* _About this task_: The full listing, copied exactly and free of pictures, is the expected reply.
Segment Start: Data shown
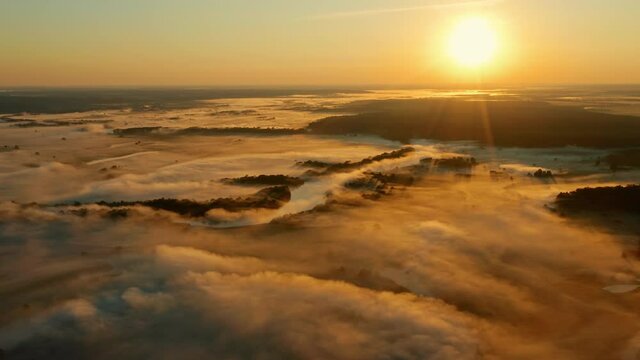 Aerial view of sunrise with fog above river Desna, Ukraine. Drone flies backwards above beautiful morning landscape with a fog while golden sunrise. Huge water evaporation over the lake in the summer.
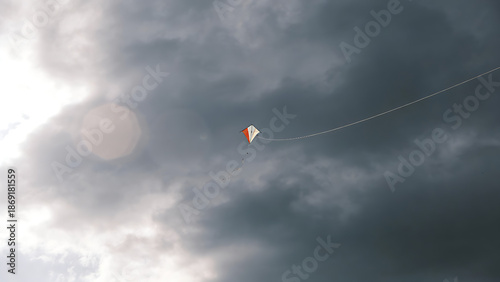 twinge. Broken kite string, kite drifting away in gray overcast sky, minimalist composition. wellbeing guides, coaching materials, designed for mental health education and mindfulness programs.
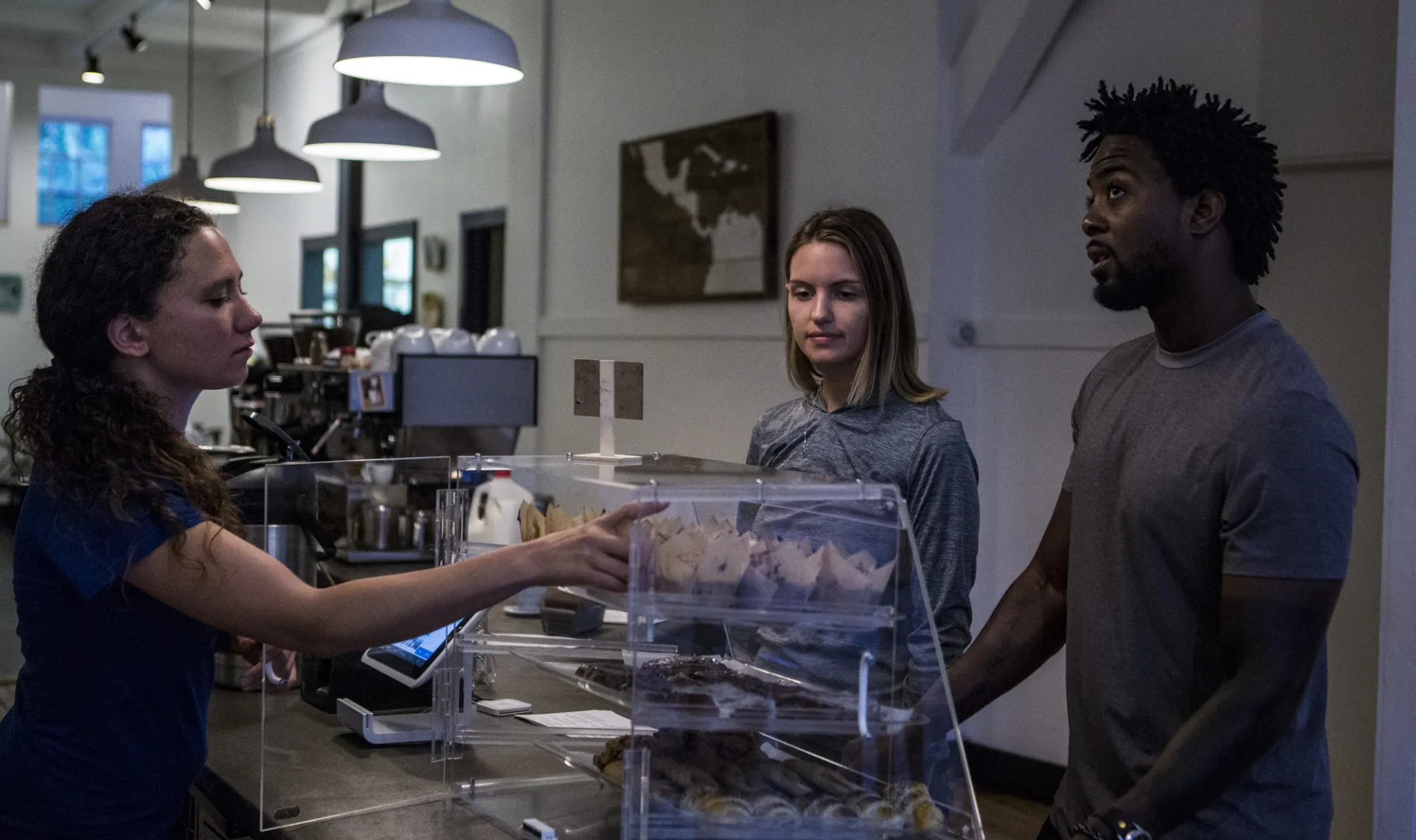 A man and woman order at a coffee shop.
Segment End: Data shown
* _Solved exercise_:
 Aerial view of sunrise with fog above river Desna, Ukraine. Drone flies backwards above beautiful morning landscape with a fog while golden sunrise. Huge water evaporation over the lake in the summer.
 twinge. Broken kite string, kite drifting away in gray overcast sky, minimalist composition. wellbeing guides, coaching materials, designed for mental health education and mindfulness programs.
 A man and woman order at a coffee shop.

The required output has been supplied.